ENTRIES SHOWN:
++++++++

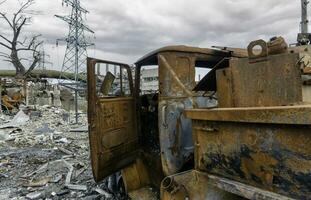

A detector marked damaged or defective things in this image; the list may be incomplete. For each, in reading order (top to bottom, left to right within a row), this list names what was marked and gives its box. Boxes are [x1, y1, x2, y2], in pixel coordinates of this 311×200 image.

burned truck cab [87, 45, 244, 197]
rusted metal vehicle [86, 37, 311, 198]
rusty metal panel [189, 110, 310, 199]
rusty metal panel [218, 52, 304, 107]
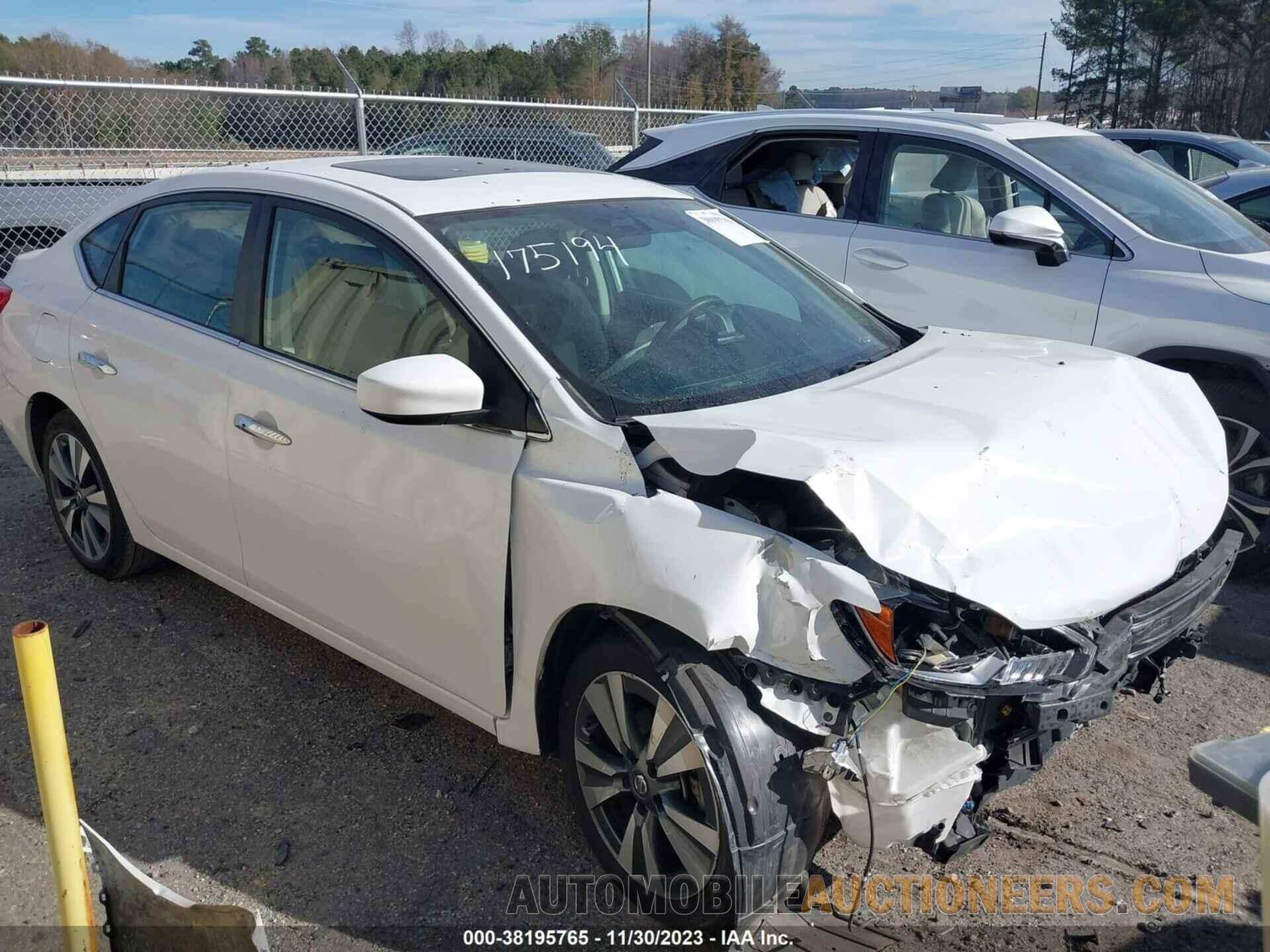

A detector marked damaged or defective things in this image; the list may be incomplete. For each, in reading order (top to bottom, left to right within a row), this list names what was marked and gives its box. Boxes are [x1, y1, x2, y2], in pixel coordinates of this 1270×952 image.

crumpled hood [1206, 246, 1270, 305]
crumpled hood [640, 328, 1228, 632]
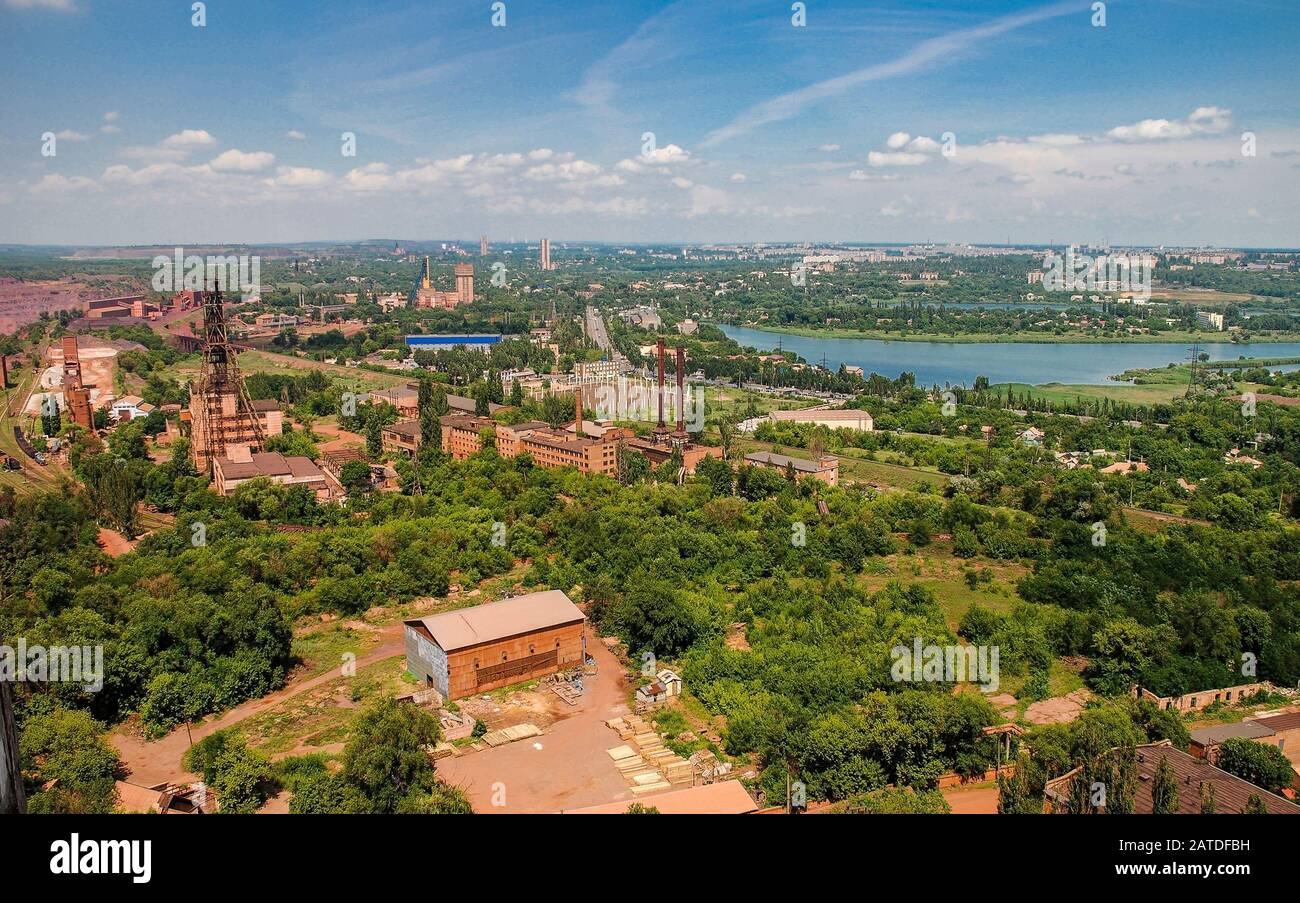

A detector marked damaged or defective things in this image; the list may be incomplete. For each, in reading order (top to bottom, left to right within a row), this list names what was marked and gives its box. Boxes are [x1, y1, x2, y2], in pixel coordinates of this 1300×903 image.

rusty industrial building [400, 588, 584, 704]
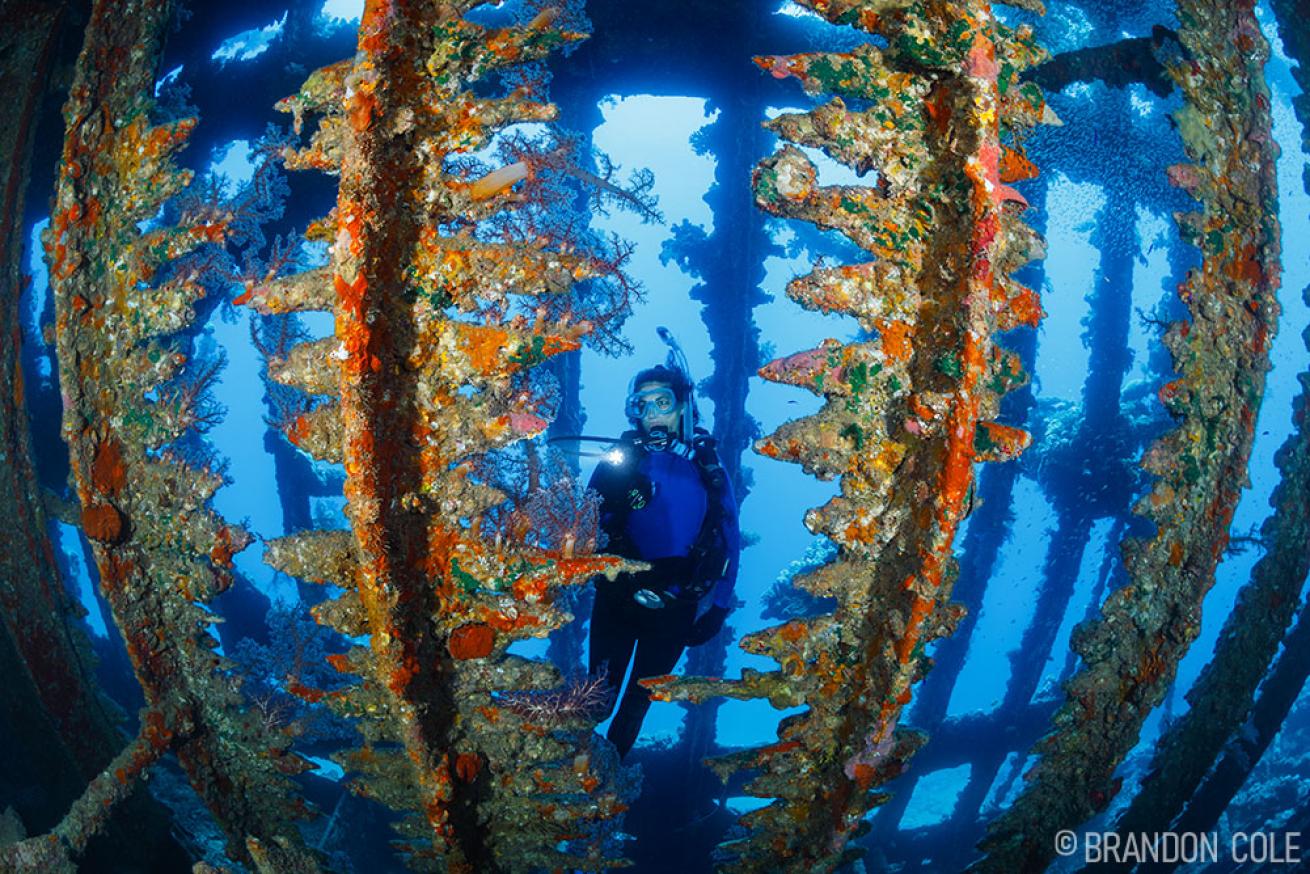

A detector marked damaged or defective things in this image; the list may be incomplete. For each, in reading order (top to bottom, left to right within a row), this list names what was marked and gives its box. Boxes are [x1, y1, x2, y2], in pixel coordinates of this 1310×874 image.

corroded metal beam [46, 0, 318, 860]
corroded metal beam [254, 5, 644, 864]
corroded metal beam [648, 0, 1056, 864]
corroded metal beam [972, 0, 1280, 860]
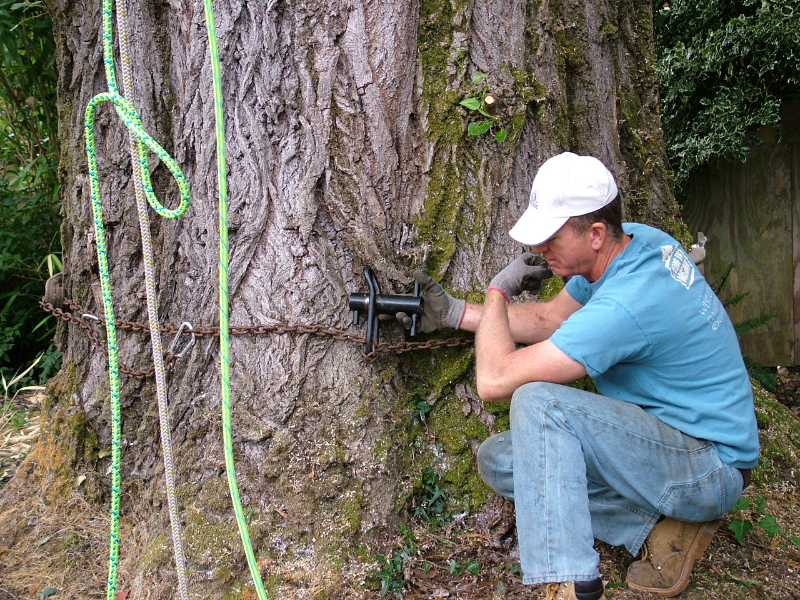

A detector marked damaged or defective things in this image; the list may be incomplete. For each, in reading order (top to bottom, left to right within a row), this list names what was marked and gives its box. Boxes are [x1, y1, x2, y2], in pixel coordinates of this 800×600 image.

rusty chain [40, 298, 476, 378]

++++++++

WHAT YOU HAVE TO DO: Beginning at the line that contains "this 1270×952 image.", copy each remaining line of the records exactly, through the final one. Omit the pictures.

THE COMPLETED TASK:
A detector marked damaged or defective things in this image; the list may be incomplete. For each, in reading order (top to bottom, left to right within a row), this list names what was marked and gives its box. Boxes are [x1, y1, x2, y2], in pixel coordinates of this 1270×952 image.

crumpled hood [1206, 246, 1270, 305]
crumpled hood [640, 328, 1228, 632]

A detector marked damaged or defective things in this image; the list may be incomplete. For each, in reading order (top to bottom, left to right within a row), this list names what was marked and gives its box. Boxes are [x1, y1, x2, y2], in pixel coordinates of this 1300×903 image.

rusty industrial building [400, 588, 584, 704]

A detector marked damaged or defective things in this image; the list may be incomplete. For each, in reading order (top to bottom, left to right within a row), this list names what was marked and gives its box. Boxes are [x1, y1, x2, y2], in pixel coordinates of this 1310×874 image.

corroded metal beam [46, 0, 318, 860]
corroded metal beam [254, 5, 644, 864]
corroded metal beam [648, 0, 1056, 864]
corroded metal beam [972, 0, 1280, 860]

A detector marked damaged or defective things in this image; the list may be incomplete. For each, in reading order (top to bottom, left to right within a row), this list names what was marked and gives its box. Boxes are [x1, y1, x2, y2], in pixel coordinates of this 800×600 image.

rusty chain [40, 298, 476, 378]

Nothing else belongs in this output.